Smith admits that, “Most western readers will find the lack of concern for civilian casualties in this strategy disconcerting.” A more “ruthless” counterinsurgency strategy will, however, resolve a conflict more quickly and therefore produce less collateral damage whereas the “population centric” approach, “while humanistic, takes longer, with uncertain probabilities of success.” In the end, such a policy, which is now adopted in Afghanistan, is likely to leave more innocent civilians dead than a campaign ruthlessly focused on defeating the enemy.

Although, for now, Western troops are determined to incur as little damage on the Afghan population as possible, sometimes exposing themselves to greater risk in the process, the United States Defense Department under Robert Gates is anticipating to fight ever more irregular wars in the future. Over objections from legislators, the secretary called the production of the F-22 fighter plane to a halt while investing $700 million in research and development of unmanned craft which are currently flown over Pakistan to combat Taliban sanctuaries there. Plans have already been drawn up for the development of unmanned aircraft systems over the next forty years.

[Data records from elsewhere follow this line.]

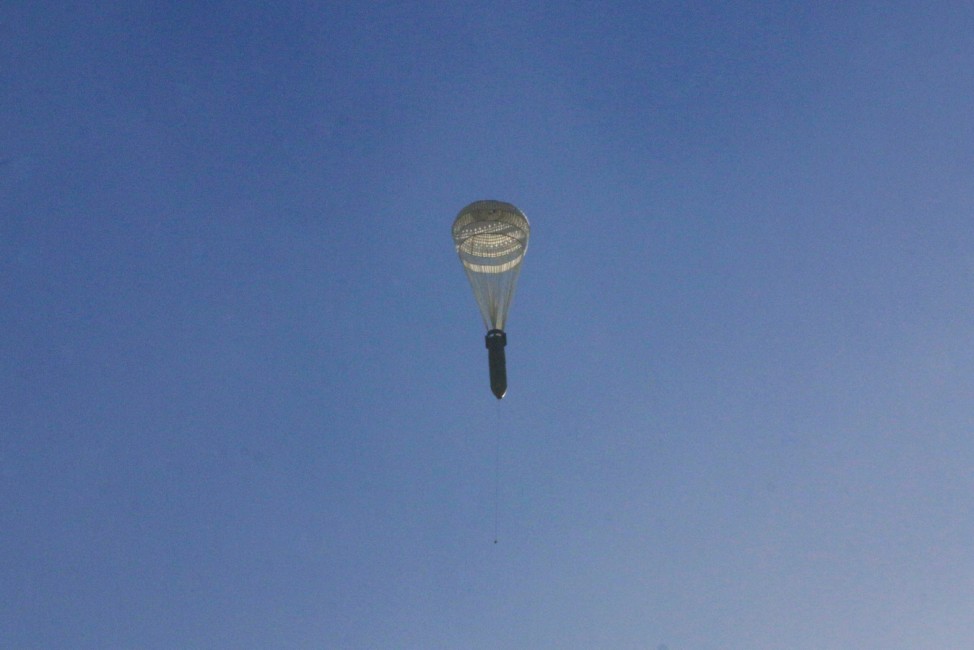 A missile hangs on a parachute while falling over the rebel-held besieged al-Qaterji neighbourhood of Aleppo
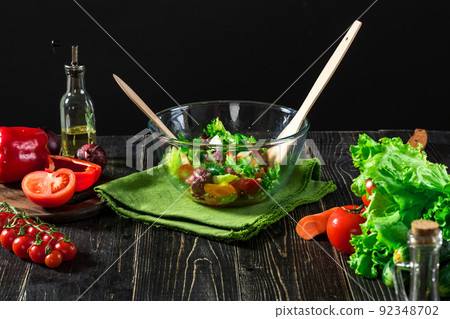 A glass bowl of fresh vegetable salad surrounded by the ingredients: green lettuce, cucumbers, sweet pepper and tomatoes. A glass bowl of fresh vegetable salad surrounded by the ingredients: green lettuce, cucumbers, sweet pepper and tomatoes. 92348702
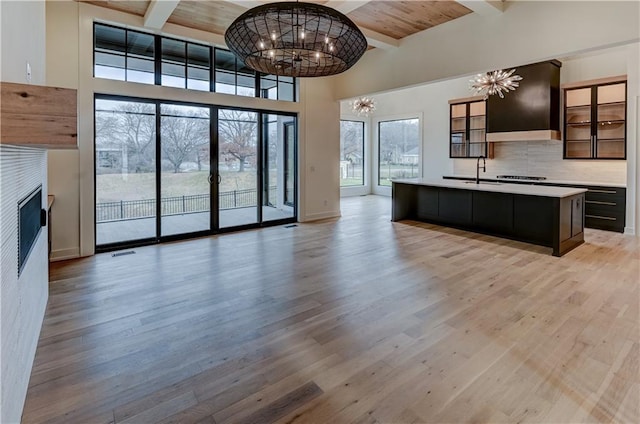 kitchen featuring wood ceiling, an island with sink, a chandelier, and light wood-type flooring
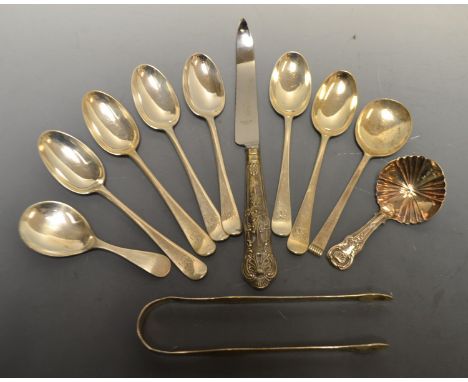 A pair of George III silver bright cut sugar bows, London 1803; a set of six Victorian silver rat tail pattern tea spoons, Bi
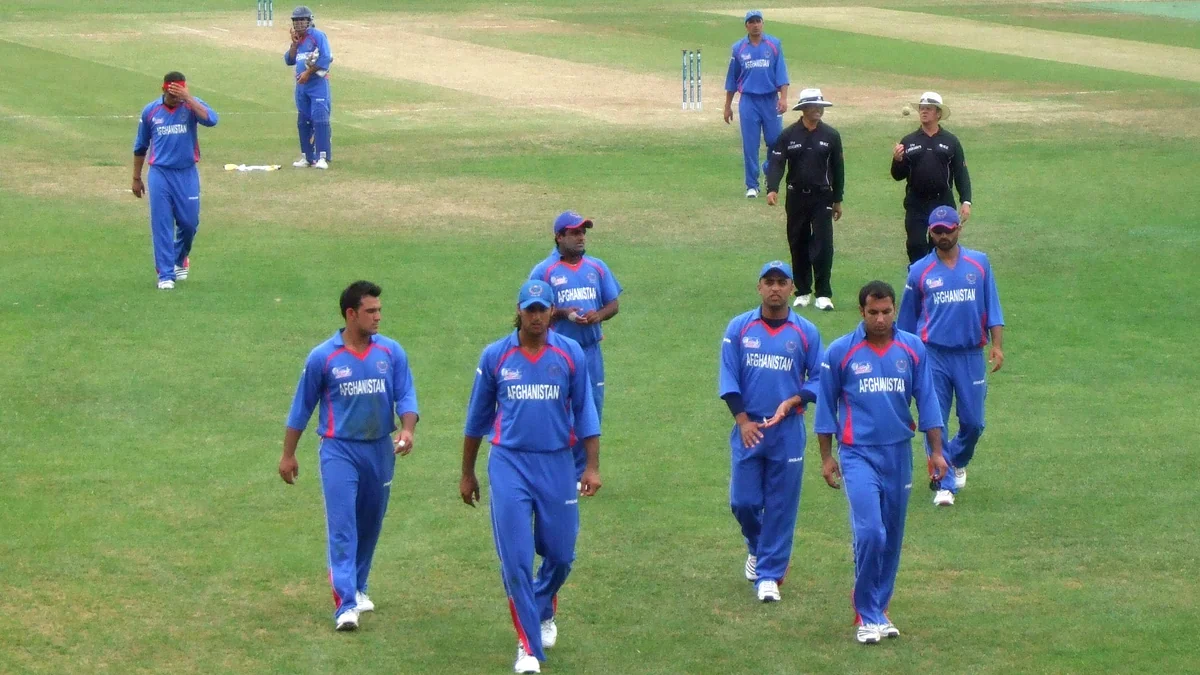 Afghanistan national team players walk across the field in blue uniforms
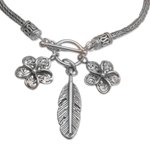 Sterling silver charm bracelet, 'Jepun Spirals' - Sterling Silver Frangipani Flower Charm Bracelet from Bali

The Navy is also planning ahead, building to much as 55 Littoral Combat Ships which will allow the force, in the White House’s words, to “focus on increasing naval capabilities that support presence, stability and counterinsurgency operations in coastal regions.” The costs of acquiring the LCSs have trippled already and instead of opting for one design, the Navy wants both Lockheed Martin’s Freedom class and General Dynamics’ Independence.

Lastly, the administration is taking serious steps to protect the country from cyber attack.

General James N. Mattis, current Commander, US Joint Forces Command and former Supreme Allied Commander for Transformation of NATO nevertheless believes that the United States “are not superior in irregular warfare” as of yet. “And that’s what we’ve got to be.” He stresses improvisation as the military’s most powerful of tools. Gates can provide all the necessary equipment, but the men in uniform have to change their tactics in order to succeed at irregular warfare.

Admiral Michael Mullen, Chairman of the Joint Chiefs of Staff, reiterated Kruzel’s position when he noted last year that, “Today’s challenges and threats are not strictly military in nature, solved or countered by military means alone. We owe future generations a longer term view of security.”